Prompt: Copy out all lines from the entries below in which "Antibodies" occurs.

Input for this task:

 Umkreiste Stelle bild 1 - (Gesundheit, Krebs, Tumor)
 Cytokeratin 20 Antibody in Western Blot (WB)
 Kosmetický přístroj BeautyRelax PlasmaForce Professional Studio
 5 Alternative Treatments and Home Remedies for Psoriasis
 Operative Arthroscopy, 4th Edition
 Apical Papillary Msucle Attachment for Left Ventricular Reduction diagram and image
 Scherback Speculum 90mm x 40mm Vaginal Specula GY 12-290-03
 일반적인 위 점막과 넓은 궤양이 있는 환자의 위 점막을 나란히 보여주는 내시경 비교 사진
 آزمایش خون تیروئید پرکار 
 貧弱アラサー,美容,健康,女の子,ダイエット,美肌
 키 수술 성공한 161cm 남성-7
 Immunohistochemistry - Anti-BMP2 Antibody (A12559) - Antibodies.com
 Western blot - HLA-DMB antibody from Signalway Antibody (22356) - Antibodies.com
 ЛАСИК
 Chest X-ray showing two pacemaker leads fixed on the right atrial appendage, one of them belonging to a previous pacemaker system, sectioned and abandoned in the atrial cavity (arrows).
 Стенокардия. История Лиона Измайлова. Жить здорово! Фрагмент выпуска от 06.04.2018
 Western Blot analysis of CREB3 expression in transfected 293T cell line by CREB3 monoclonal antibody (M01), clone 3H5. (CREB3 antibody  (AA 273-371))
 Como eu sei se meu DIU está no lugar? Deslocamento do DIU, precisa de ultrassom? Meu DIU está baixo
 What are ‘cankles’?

Answer box:
 Immunohistochemistry - Anti-BMP2 Antibody (A12559) - Antibodies.com
 Western blot - HLA-DMB antibody from Signalway Antibody (22356) - Antibodies.com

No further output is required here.